** WHAT TO WORK ON **
The answer is the line containing "Смартфон Honor 8C 3/32" plus every line after it to the end of the material, retyped exactly and without the pictures.

** SUPPLIED DATA **
==*==

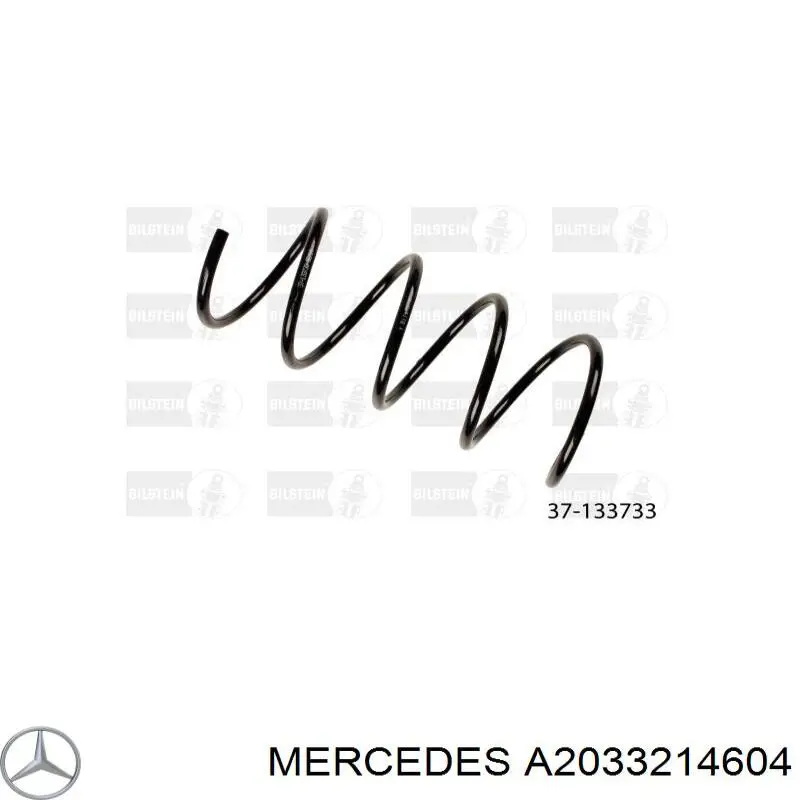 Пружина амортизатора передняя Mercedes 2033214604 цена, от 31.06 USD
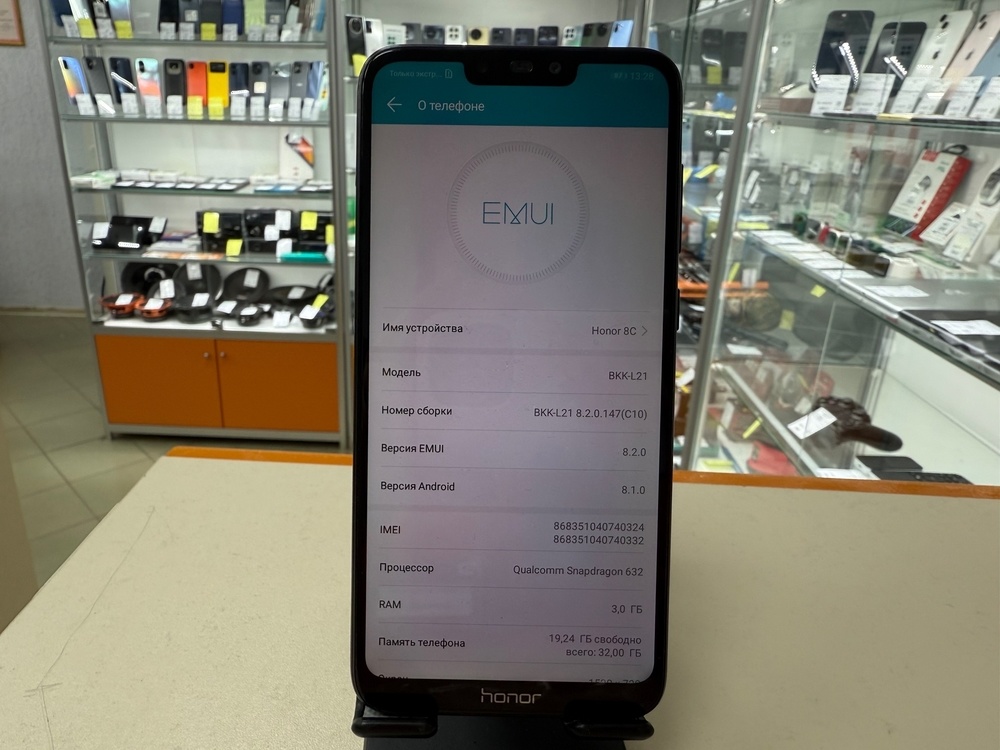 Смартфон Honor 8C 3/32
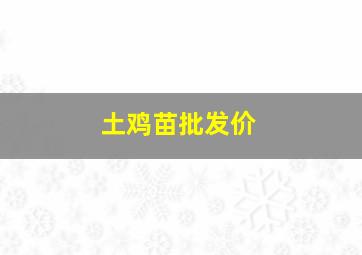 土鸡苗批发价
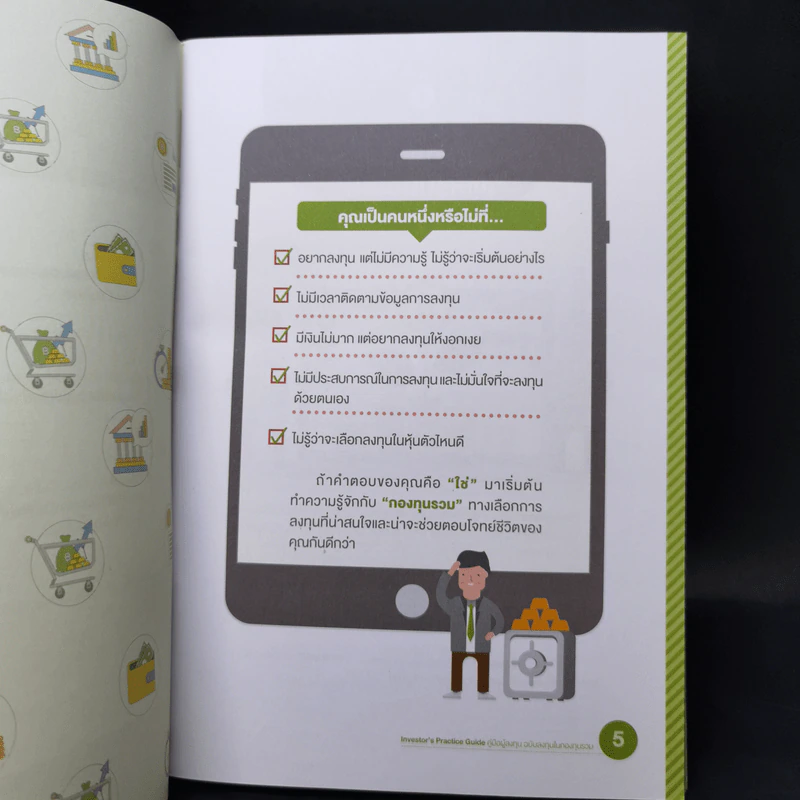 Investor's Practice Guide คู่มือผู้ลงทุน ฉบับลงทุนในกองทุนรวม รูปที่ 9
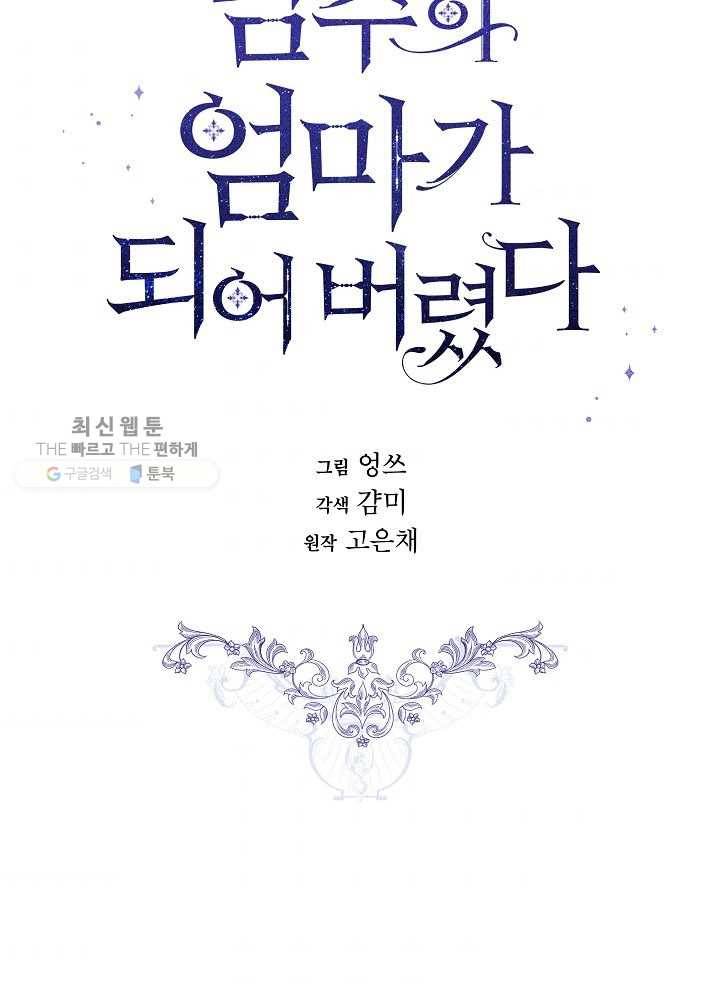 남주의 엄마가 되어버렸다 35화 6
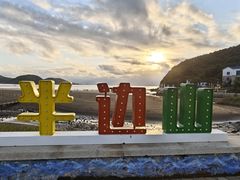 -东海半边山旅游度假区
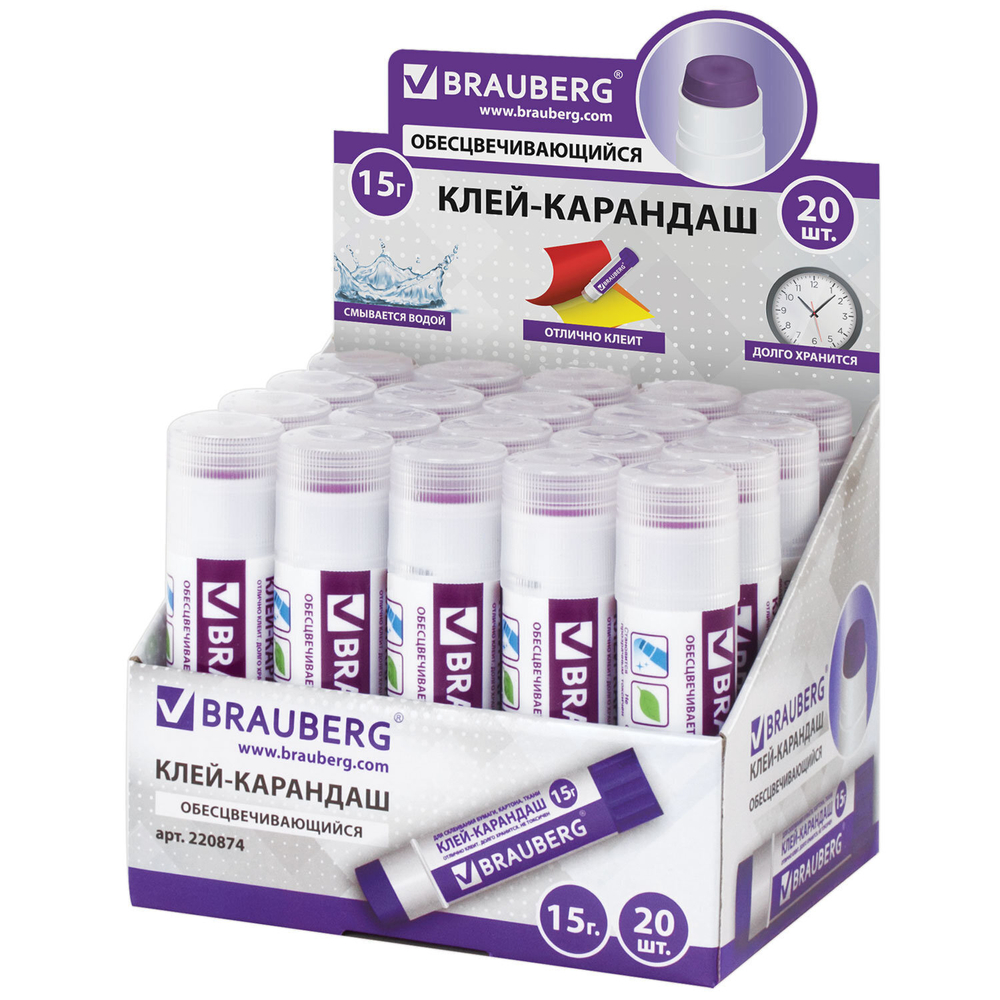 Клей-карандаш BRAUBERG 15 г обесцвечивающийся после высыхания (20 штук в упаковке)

==*==

** TASK SOLUTION **
 Смартфон Honor 8C 3/32
 土鸡苗批发价
 Investor's Practice Guide คู่มือผู้ลงทุน ฉบับลงทุนในกองทุนรวม รูปที่ 9
 남주의 엄마가 되어버렸다 35화 6
 -东海半边山旅游度假区
 Клей-карандаш BRAUBERG 15 г обесцвечивающийся после высыхания (20 штук в упаковке)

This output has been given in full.